-- RECORDS FOR PROCESSING --
....................

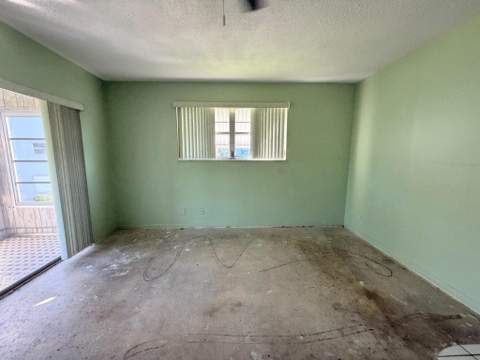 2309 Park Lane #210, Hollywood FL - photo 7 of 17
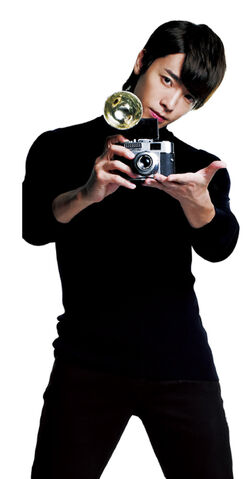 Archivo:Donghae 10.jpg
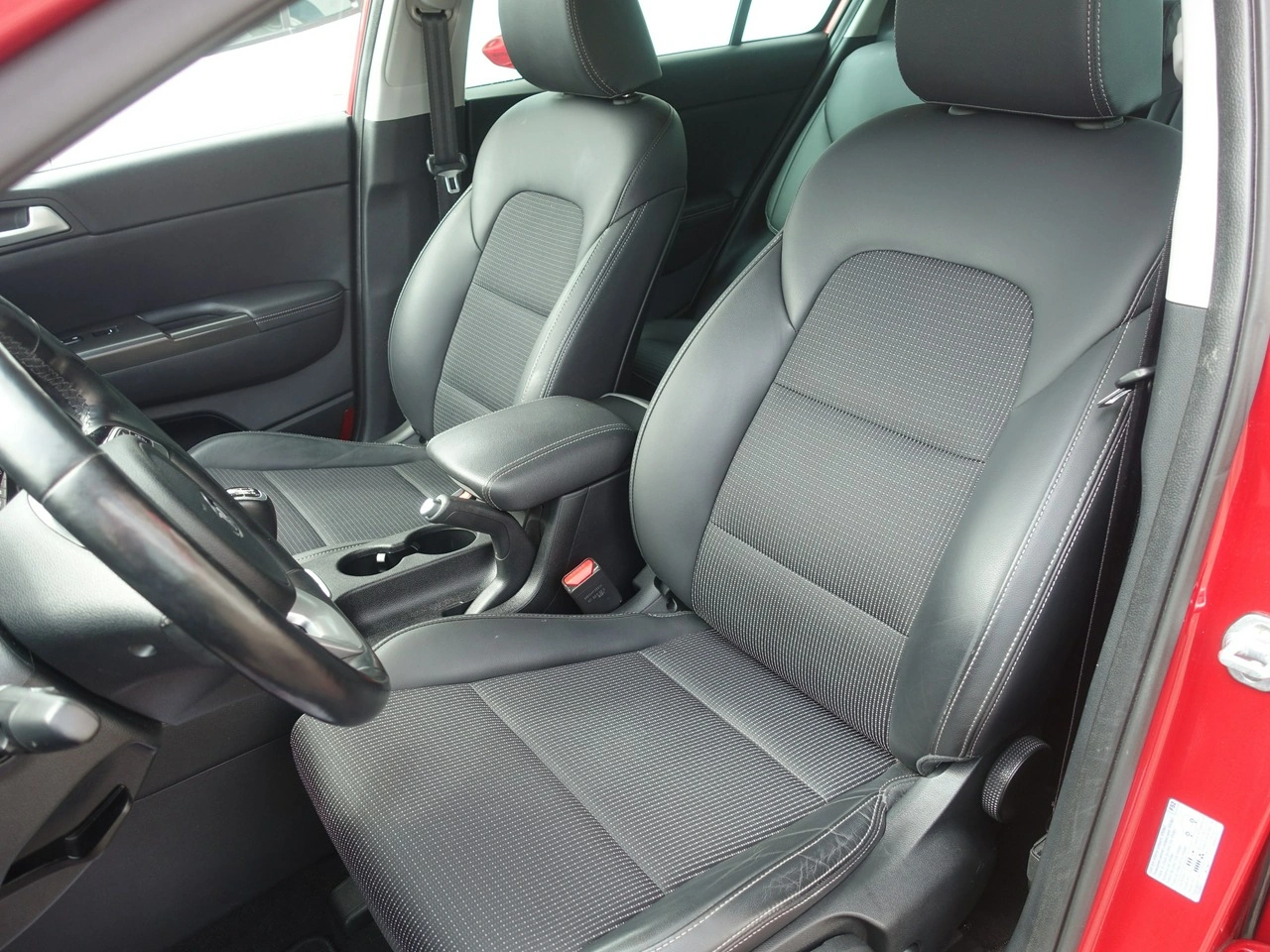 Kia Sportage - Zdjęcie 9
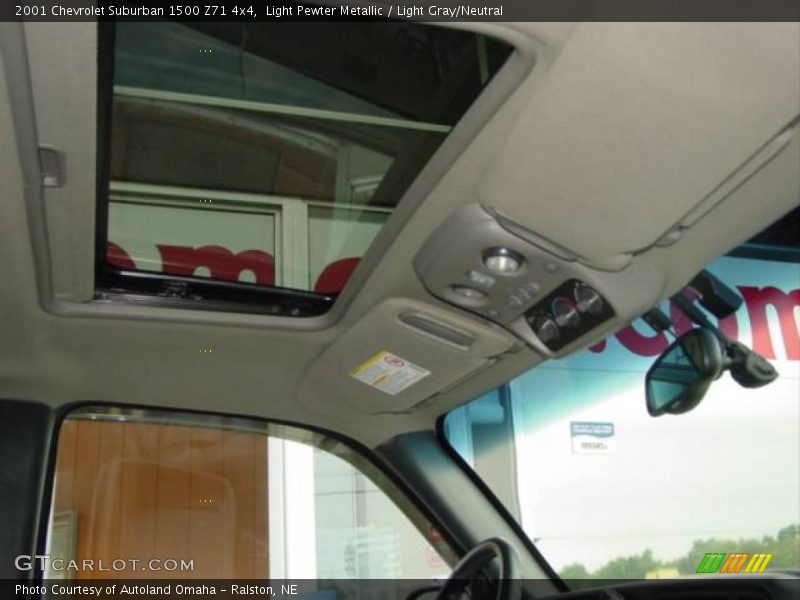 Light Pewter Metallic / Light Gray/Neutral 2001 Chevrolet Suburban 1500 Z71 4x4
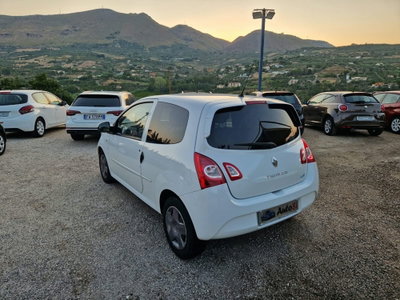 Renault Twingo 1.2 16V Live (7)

....................

-- ABOUT THIS EXERCISE --
Please leave out the pictures while you copy exactly the lines from the one containing "Archivo:Donghae 10.jpg" through the end of the records.

-- FINISHED TASK --
 Archivo:Donghae 10.jpg
 Kia Sportage - Zdjęcie 9
 Light Pewter Metallic / Light Gray/Neutral 2001 Chevrolet Suburban 1500 Z71 4x4
 Renault Twingo 1.2 16V Live (7)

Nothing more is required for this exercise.